The stock of Lordstown Motors plunged 58% in premarket trading on news of the bankruptcy filing. Prior to today, the company’s stock had declined 90% over the last year to trade at $2.76 U.S. per share.
Lordstown went public in October 2020 through a reverse merger with special purpose acquisition company (SPAC) DiamondPeak Holdings.
The bankruptcy filing comes after the electric truck manufacturer failed to resolve a dispute over a promised investment from Taiwanese electronics manufacturer Foxconn.
Lordstown simultaneously filed a lawsuit against Foxconn as it seeks creditor protection.
Lordstown Motors, which is named after the Ohio town where it is headquartered, accused Foxconn of failing to honour an agreement to invest up to $170 million U.S. in its operations.
Foxconn previously invested more than $50 million U.S. in Lordstown Motors and holds an 8.4% stake in the automaker.
Foxconn has said that Lordstown breached the investment agreement when the automaker's stock dipped below $1 U.S. per share.

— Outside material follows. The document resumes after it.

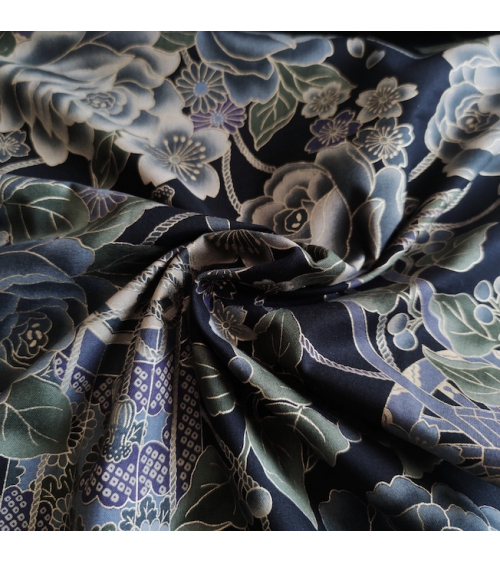Japanese cotton fabric. Bluish roses over black.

Lordstown, an electric vehicle start-up launched in 2018, has as its main product the Endurance pick-up truck, which is built at a former General Motors (GM) factory and is primarily used by commercial customers and municipal governments.
Lordstown paused production of the Endurance electric truck earlier this year but resumed production in April albeit at a low rate.
While Lordstown filed for bankruptcy seeking another company to buy it, the automaker does not yet have an acquisition offer.
Lordstown chief executive officer (CEO) Edward Hightower has said that the company’s Ohio production facility and Endurance truck could be attractive to another automaker looking to enter the U.S. electric vehicle market.